• _Prompt_: Please reproduce the entries below exactly as they stand, but leave the pictures out.

• _Source information_:
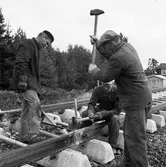 Spårarbete, Flisby-Solberga. Svetsar skarv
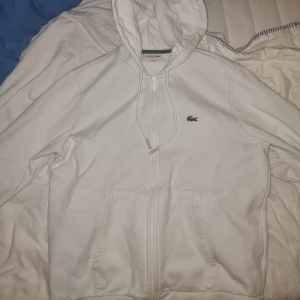 Lacoste zip hoodie - Lacoste zip hoodie i storlek L men sitter som M. Inga deffekter. Nypris:1650 mitt pris: 650 Äkta, har kvitto.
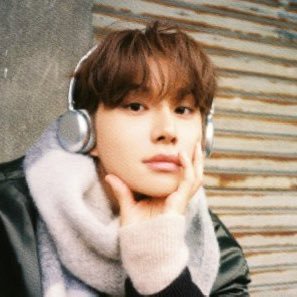 `𝐒𝐚𝐦𝐞 𝐬𝐡𝐢𝐭, 𝐝𝐢𝐟𝐟 𝐲𝐞𝐚𝐫 🐶♡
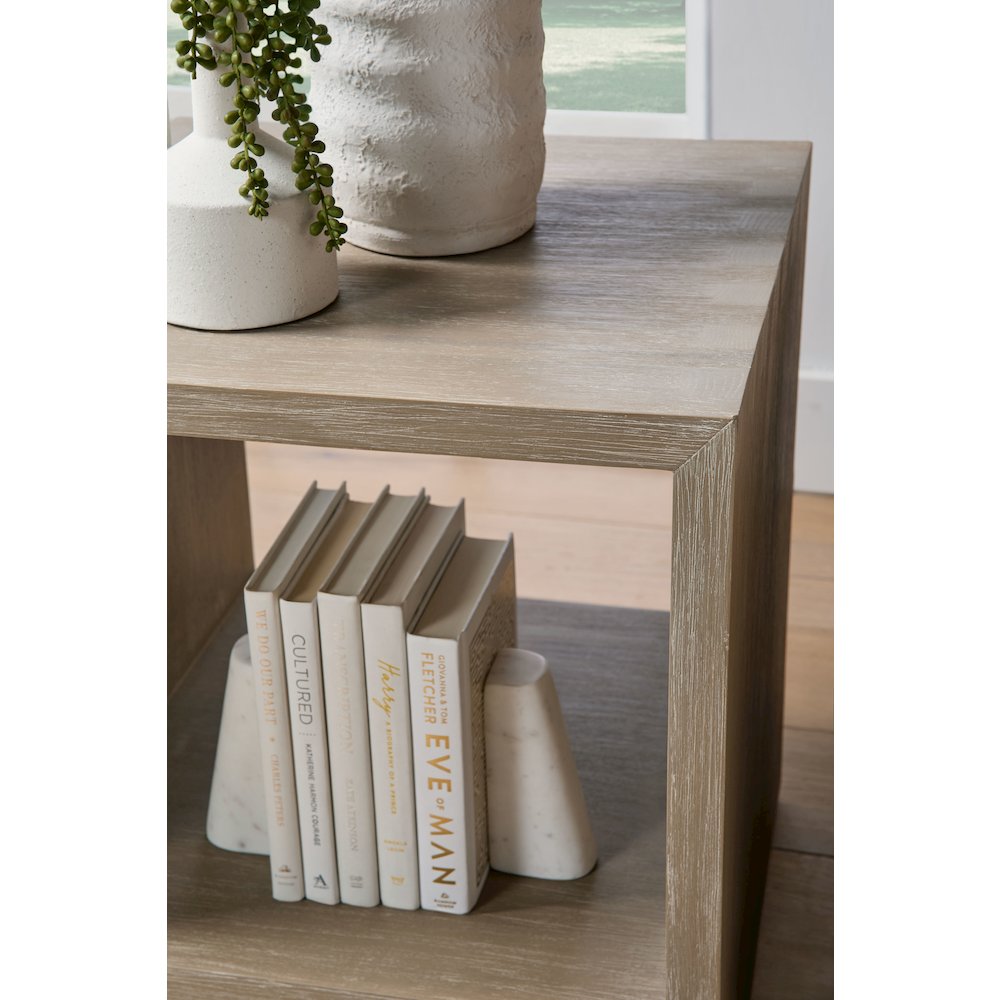 Traditions Transitional Dovetail End Table. Picture 6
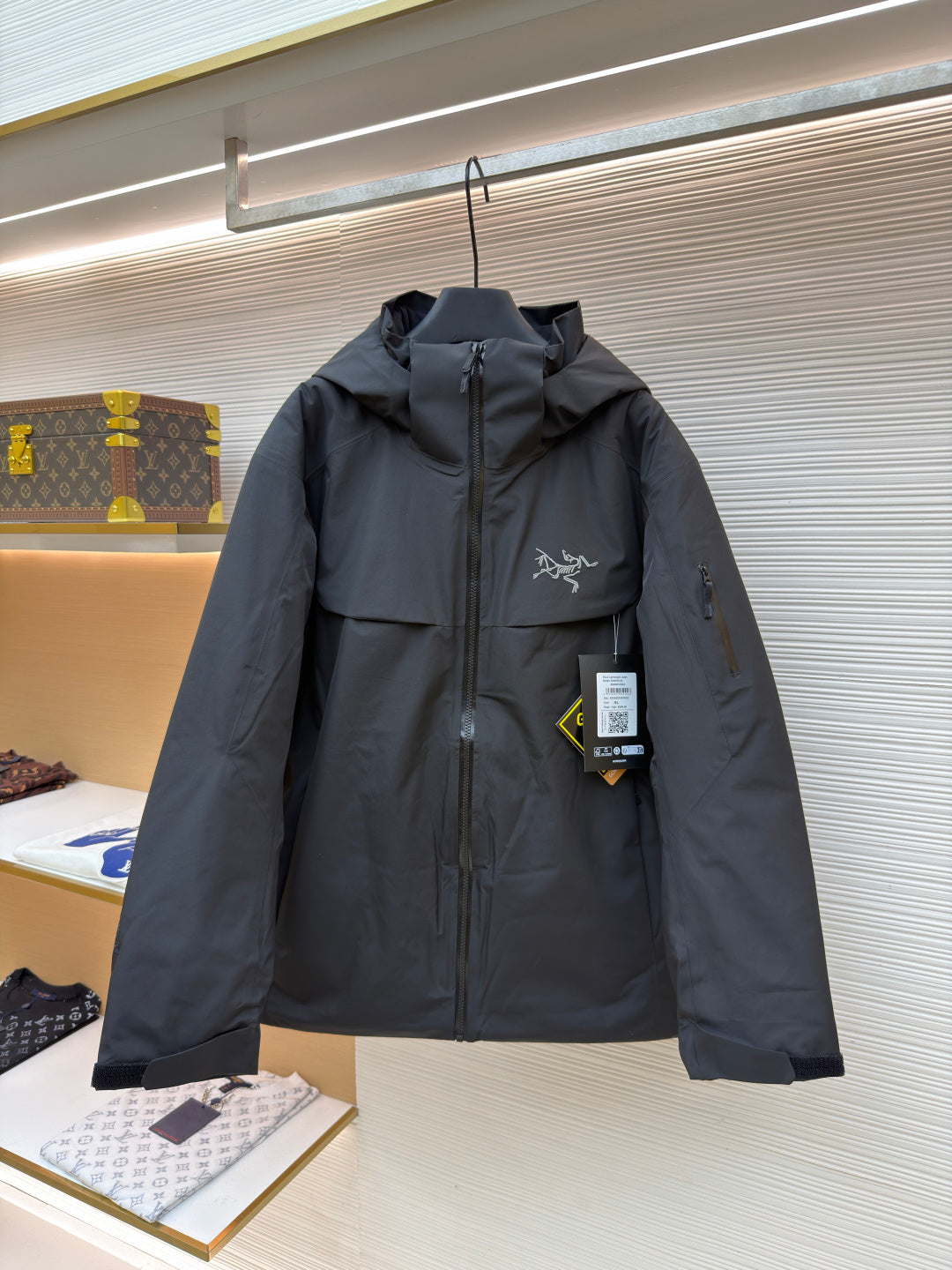 Hooded Down Jacket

• _Output of the task_:
 Spårarbete, Flisby-Solberga. Svetsar skarv
 Lacoste zip hoodie - Lacoste zip hoodie i storlek L men sitter som M. Inga deffekter. Nypris:1650 mitt pris: 650 Äkta, har kvitto.
 `𝐒𝐚𝐦𝐞 𝐬𝐡𝐢𝐭, 𝐝𝐢𝐟𝐟 𝐲𝐞𝐚𝐫 🐶♡
 Traditions Transitional Dovetail End Table. Picture 6
 Hooded Down Jacket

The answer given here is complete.